- _Your goal_: Line for line, return the data exactly, omitting all pictures.

** Records provided follows **

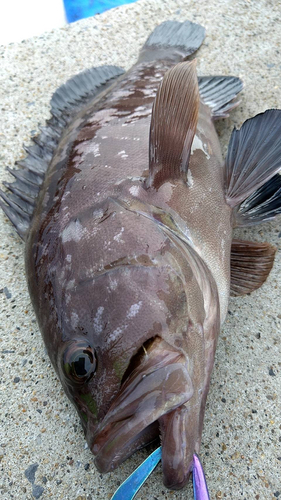 マハタの釣果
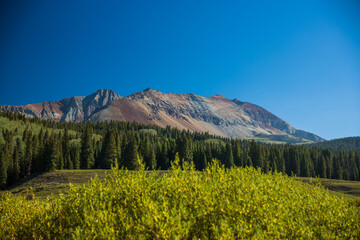 El Diente Peak in the morning with foreground bush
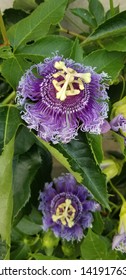 Purple Granadilla Passionflower In Bloom 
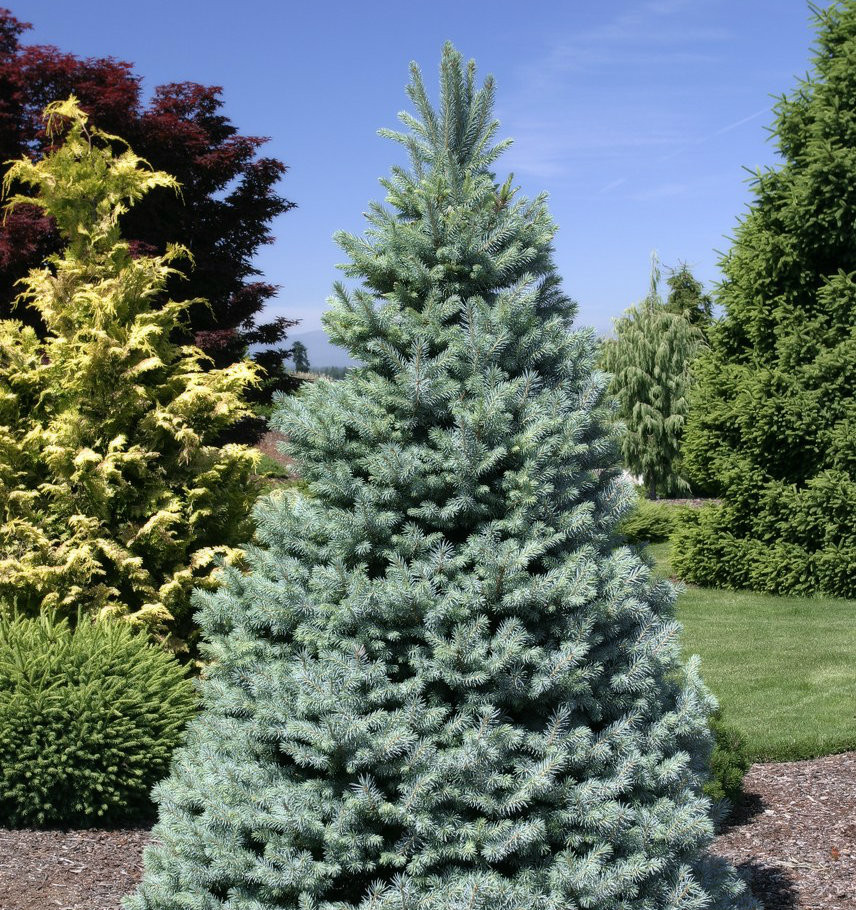Picea pungens ' Sester Dwarf ' Dwarf Blue Spruce Kigi Nursery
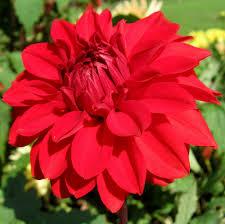 dahlia-Garden-wonder23381439567631.png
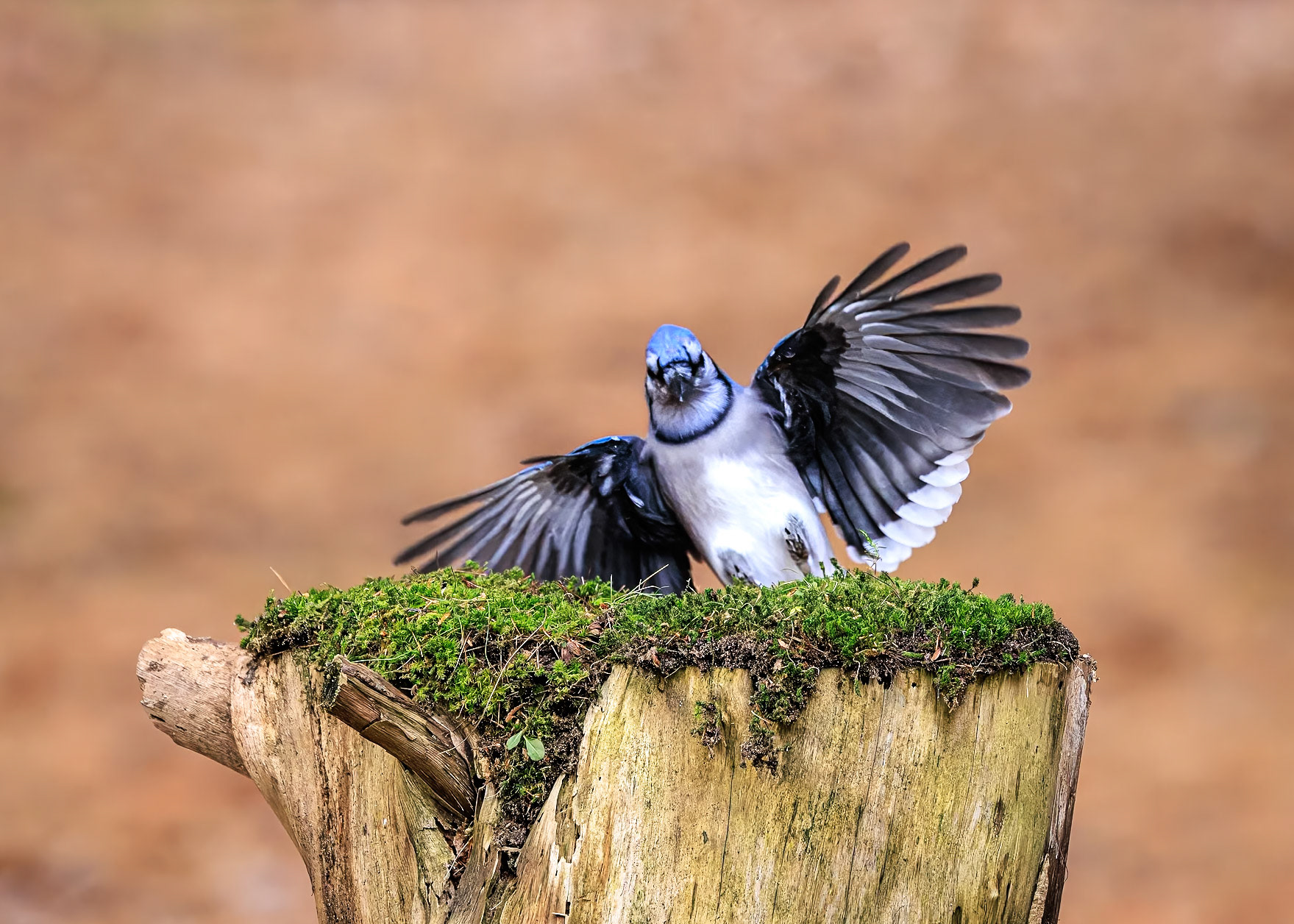Blue Jay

** End of Records provided **

- _Task answer_:
 マハタの釣果
 El Diente Peak in the morning with foreground bush
 Purple Granadilla Passionflower In Bloom 
Picea pungens ' Sester Dwarf ' Dwarf Blue Spruce Kigi Nursery
 dahlia-Garden-wonder23381439567631.png
Blue Jay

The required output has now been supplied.